First, a base layer motion vector mv.sub.b that extends between the
base layer input image 510 and a base layer reference picture 515
may be scaled according to the resolution ratios between the base
layer image 510 and the enhancement layer image 520 and used to
identify a prediction pixel block Pe in an enhancement layer
reference picture 525 that corresponds to the base layer reference
picture 515. Prediction data for the enhancement layer pixel block
522 may be derived from content of the base layer pixel block 512
and content of the prediction pixel block Pe in the enhancement
layer reference picture 522. In an embodiment, prediction may occur
as:
T=w1*Pe+w2*Pb, where (1.)
T represents the predicted content of the enhancement layer pixel
block 522 and w1 and w2 represent respective weights. The weights
w1, w2 may be set to predetermined values (e.g., w1=w2=0.5) or they
may be derived by an encoder and signaled to a decoder in coded
video data.
[0039] Alternatively, prediction may occur as:
T=w1*HighFreq(Pe)+w2*Pb, where (2.)
T represents the predicted content of the enhancement layer pixel
block 522, w1 and w2 represent respective weights and the
HighFreq(Pe) operator represents a process that extracts high
frequency content from the reference enhancement layer pixel block
Pe. In an embodiment, the HighFreq(Pe) operator simply may be a
selector that selects transform coefficients (e.g., DCT or wavelet
coefficients) that correspond to the resolution differences between
the enhancement layer and the base layer.
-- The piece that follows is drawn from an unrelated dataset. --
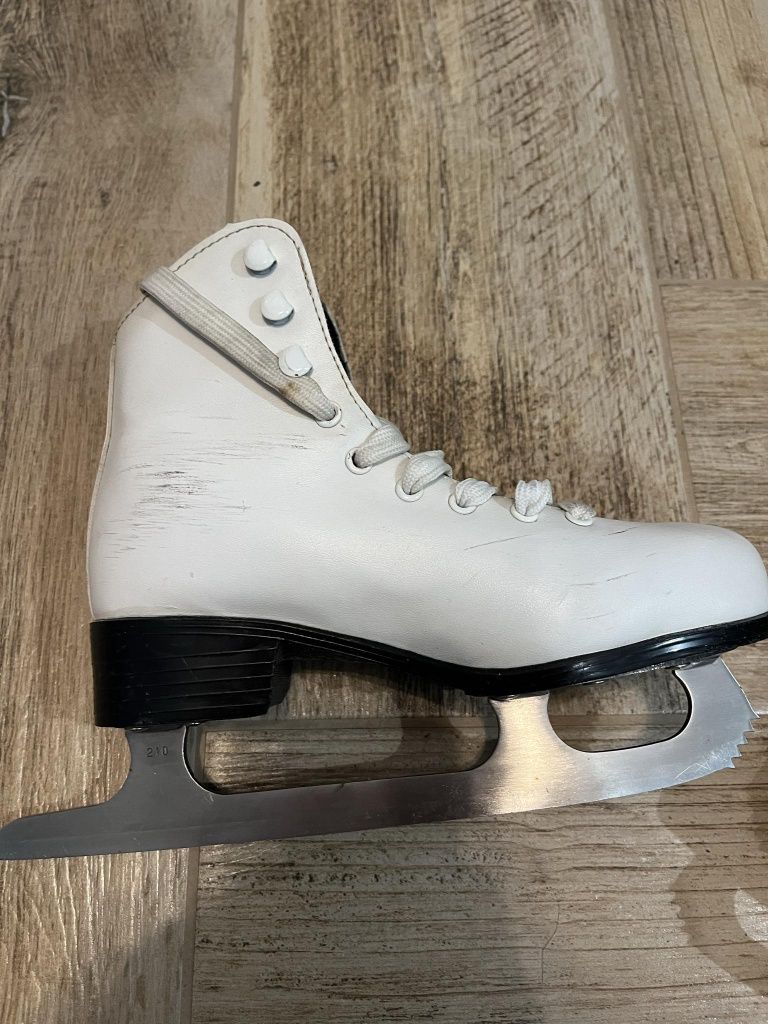 Łyżwy figurowe r.35,5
[0040] Alternatively, instead of relying solely on a base layer
motion vector mvb as the basis of an enhancement layer motion
vector mv.sub.e, motion vectors of other base layer pixel blocks
neighboring the co-located base layer pixel block 512 may be tested
as candidates for coding.
[0041] In an embodiment, improved visual quality is expected to be
obtained by preferentially coding portions of non-ROI regions
according to a refresh selection pattern. In a default coding mode,
particularly where bandwidth allocated to enhancement layer coding
of non-ROI regions is small, many pixel blocks may be coded
according to a SKIP coding mode, which causes co-located data from
preceding frames to be reused for a new frame being coded. Image
content of the SKIP-ed blocks may not be perfectly static and,
therefore, the reuse of image content may cause abrupt
discontinuities when the SKIP-ed blocks eventually are coded
according to some other mode. In an embodiment, enhancement layer
coding may be performed according to a refresh coding policy that
preferentially allocates bandwidth assigned to enhancement layer
coding of non-ROI data to a sub-set of the pixel blocks belonging
to the non-ROI region of each frame.
[0042] According to this embodiment, while enhancement layer coding
non-ROI regions of a high resolution frame (box 460), the method
400 may select a sub-set of non-ROI pixel blocks according to a
refresh selection pattern (box 462). The method 400 then may
predictively code the selected pixel blocks from the non-ROI region
(box 464), which causes coding according to a mode other than a
SKIP mode. In this manner, the method 400 may force non-SKIP coding
of a sub-set of non-ROI pixel blocks in each frame, which imparts
some amount of precision to those pixel blocks when they are
decoded. The remaining pixel blocks likely will be coded according
to SKIP mode coding in the enhancement layer, which will cause them
to appear as low resolution versions when decoded; those other
pixel block may be selected by the refresh selection pattern during
coding of some other frame and thus high resolution components of
the non-ROI may be refreshed albeit at a lower rate than ROI pixel
blocks of the enhancement layer.
[0043] The principles of the present disclosure accommodate other
processing techniques to smooth out visual artifacts that may be
observed between coded high resolution and coded low resolution
content. In one embodiment, video coders may vary coding parameters
applied to video content along boundaries between a ROI and non-ROI
content. FIG. 6 illustrates an exemplary source image 610 that has
been parsed into a ROI 612 and a non-ROI region 614, for which
zones 616, 618 are defined between the ROI 612 and non-ROI region
614. According to the embodiment of FIG. 6, when coding a high
resolution enhancement layer image 620, an encoder may code an ROI
622 at a first, relatively high level of quality, the non-ROI 624
at second, lower level of quality and the intermediate zones 626,
628 at intermediate levels of quality. Such quality levels may be
defined by application of coding budget and quantization
parameters.
[0044] Similarly, when coding a low resolution base layer image
630, an encoder may code a non-ROI region 634 at a first,
relatively high level of quality, the ROI 632 at second, lower
level of quality and the intermediate zones 638, 636 at
intermediate levels of quality. Such quality levels may be defined
by application of coding budget and quantization parameters.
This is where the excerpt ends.